CourtOhio Court of Appeals
DecidedMay 22, 2003
DocketNo. 02AP-963 (REGULAR CALENDAR)
StatusUnpublished

This text of State v. City of Columbus, Unpublished Decision (5-22-2003) (State v. City of Columbus, Unpublished Decision (5-22-2003)) is published on Counsel Stack Legal Research, covering Ohio Court of Appeals primary law. Counsel Stack provides free access to over 12 million legal documents including statutes, case law, regulations, and constitutions.

Bluebook
State v. City of Columbus, Unpublished Decision (5-22-2003), (Ohio Ct. App. 2003).

Opinion

OPINION
{¶ 1} Intervenors-appellants, Sierra Club, Nancy M. Heath and Pat Marida, appeal from a decision of the Franklin County Court of Common Pleas denying their motion to intervene in this matter. Because appellants have not shown that the trial court abused its discretion, we affirm that decision.

{¶ 2} By letter dated March 28, 2002, appellants notified defendant-appellee, the city of Columbus ("the city"), and plaintiff-appellee, the Attorney General of the State of Ohio ("the state"), of their intent to bring a federal lawsuit against the city pursuant to the federal Clean Water Act. See Section 1365, Title 33, U.S.Code. Appellants informed the city and the state that they would file a lawsuit if the city did not stop illegal overflows of raw sewage from its sanitary sewage system into the waters of the state or did not commit to do so by a date certain. However, appellants could not file their suit until 60 days after the date of their notice of the alleged violations. Id. at Section 1365(b)(1)(A).

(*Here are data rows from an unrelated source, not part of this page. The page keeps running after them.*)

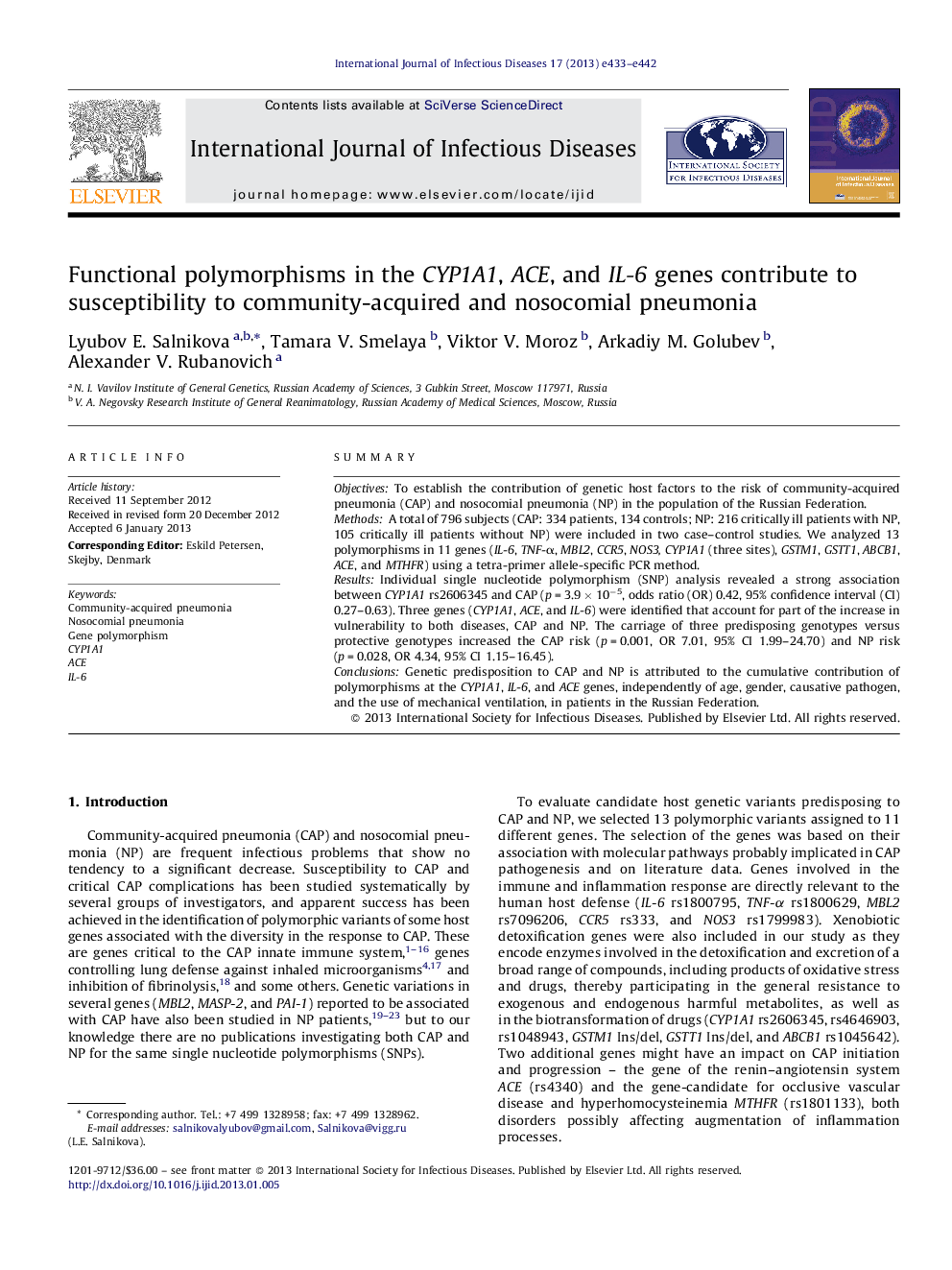 Functional polymorphisms in the CYP1A1, ACE, and IL-6 genes contribute to susceptibility to community-acquired and nosocomial pneumonia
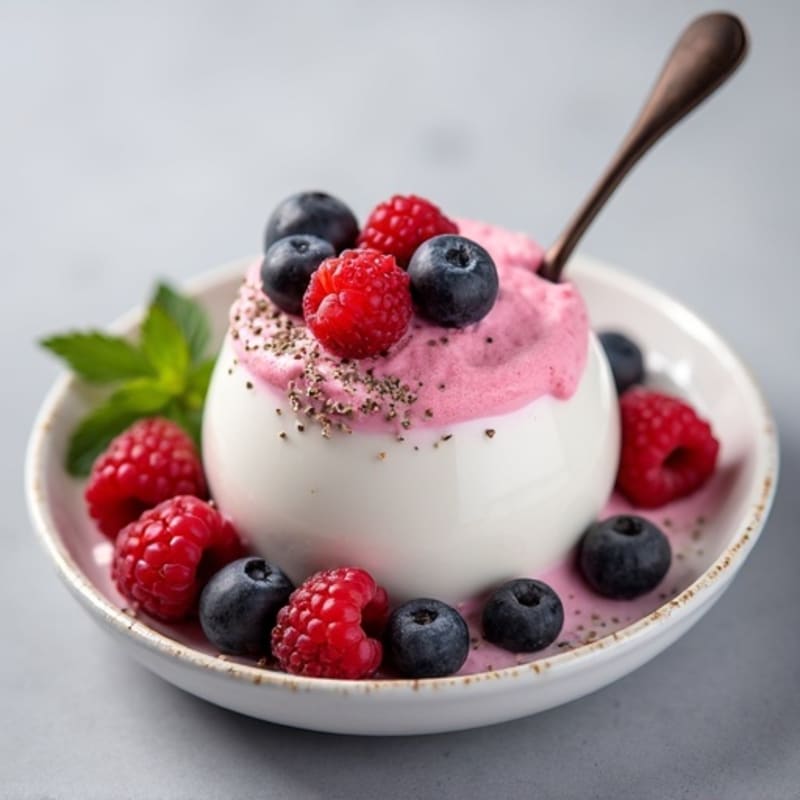 Silky Greek Yogurt Protein Mousse with Mixed Berries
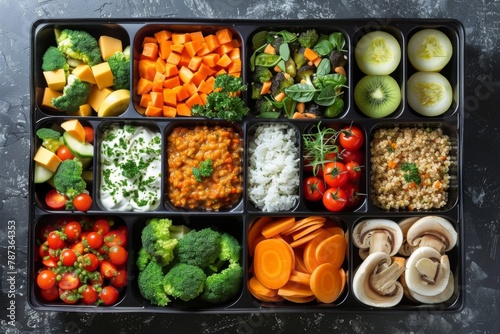 Assorted fresh produce and proteins organized in meal prep containers.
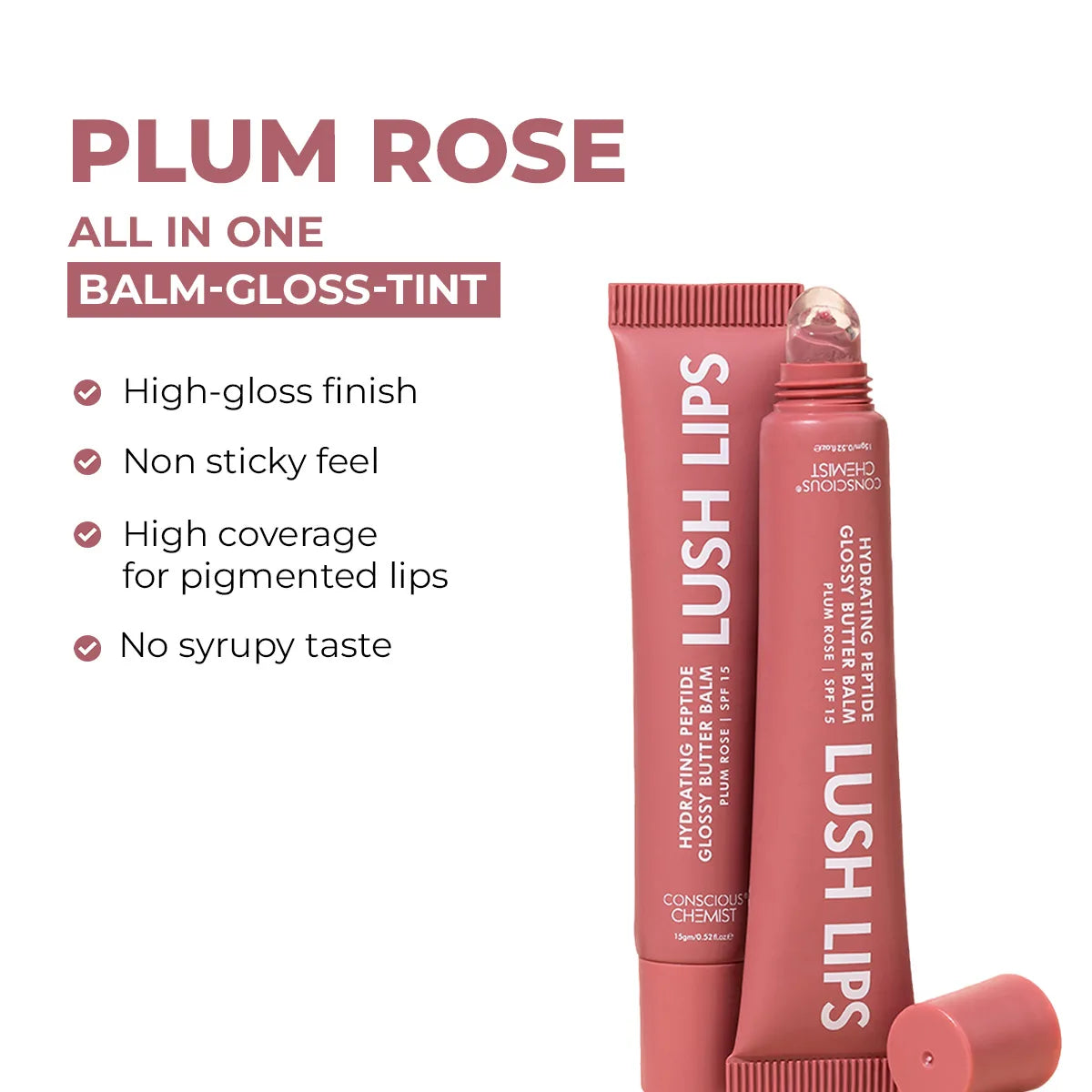 Glossy Peptide Lip Balm | Plum Rose | Hydrates & Plumps | Lush Lips - 15 Gms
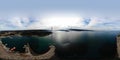 Aerial of Yavuz Sultan Selim Bridge, Istanbul. Empty streets amid coronavirus total lockdown in the Mega City. One of the longest. Royalty Free Stock Photo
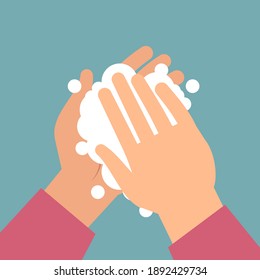 Washing hands. Human palms with foam bubbles to prevent virus and bacteria, antibacterial soap, personal everyday hygiene, protect skin body care vector simple flat style cartoon isolated illustration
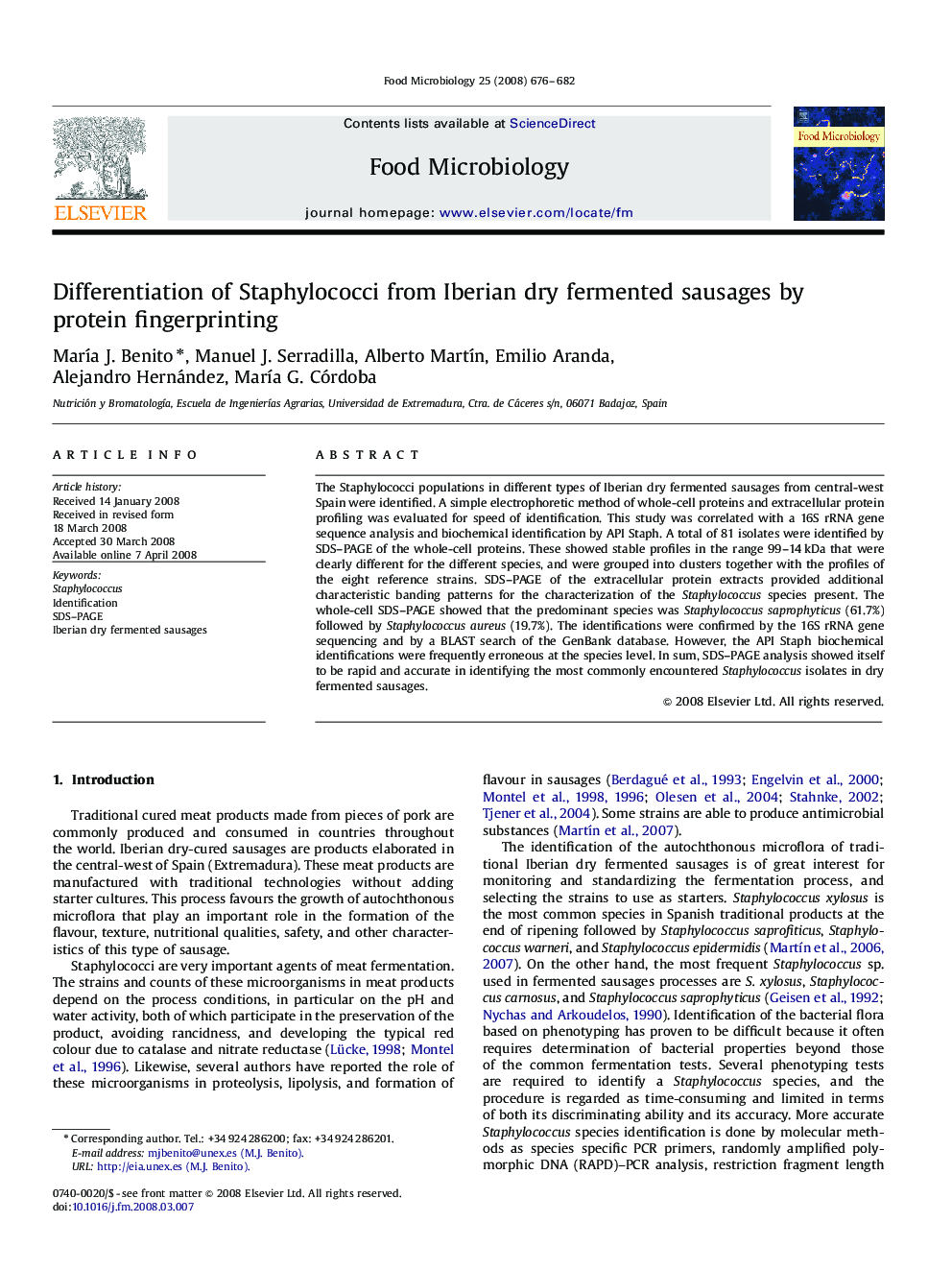 Differentiation of Staphylococci from Iberian dry fermented sausages by protein fingerprinting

{¶ 3} Shortly before the 60-day waiting period would have run under federal law, the state sued the city to enforce water pollution control laws found in R.C. Chapter 6111. The state contended that the city violated these laws and the city's permits by discharging sewage, industrial waste, and/or other waste into the waters of the state, and by failing to report these discharges. A proposed consent order between the city and the state was filed with the complaint, which, if approved by the trial court, would resolve the matter. In the proposed consent order, the city agreed, among other things, to take steps to stop further unauthorized discharges from its sewer system, to develop and implement programs to address the needs of its sewer system, and to protect public health and the environment in case of future overflows. The city was assessed a $250,000 penalty. The city also agreed to further monetary penalties should future overflows occur. In accordance with the federal Clean Water Act, the state gave public notice of the proposed consent order and allowed 30 days for public comment. Section 123.27(d)(2)(iii), Title 40, C.F.R. The state asserts that a copy of the proposed consent order was faxed to appellants' lawyers on May 24, 2002. Appellants contend that they submitted comments to the proposed consent order to which the city or the state failed to respond.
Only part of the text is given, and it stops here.